So, to discover what jigging when fishing is, we need to first explore what a jig lure is. There are several styles and types of jigs to choose from and most of them are fished in slightly different ways. You could use a bucktail jig, a swim jig, a casting jig, a flipping jig, a grass jig, a football jig, or a finesse jig. Fish with any of these, using the right technique, and you’re effectively “jigging.”
At this point, you might be thinking that they’re all just “flipping jigs” and you might as well have done with it and move to another style of fishing. But, learning to fish a jig will allow you to catch fish under nearly any conditions.
Jig lures are an essential part of any fishing arsenal and learning to fish them opens up a lot of fun opportunities.
In its most basic form, a jig is a hook with a lead head molded onto it.
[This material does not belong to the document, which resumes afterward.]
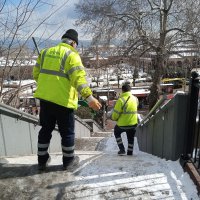Büyükşehir, karla mücadelede gece gündüz sahada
The shape of the jig head changes the way it moves through the water and acts around obstacles like weeds and rocks. You can break down the different head styles by where the line eyelet is located. Jigs with the eyelet on top of the head are designed to be fished vertically. Jigs with the eyelet on the tip of the nose are designed to be fished horizontally through the water.
Starting with the basic jighead, there are a few directions you can go. You can add a softbait to the hook and fish the lure that way, or you can add a skirt to the jighead, or you can do both. A skirt is a way to decorate the head so that it moves more convincingly in the water. Early skirts were made from animal fur, specifically deer fur. Jigs with this kind of skirt are called, appropriately, bucktail jigs. Now, you can find them in a myriad of different materials. Some have fur and feathers, some have only feathers, some have rubber strings, and others have tinsel and flash. The variety is practically endless.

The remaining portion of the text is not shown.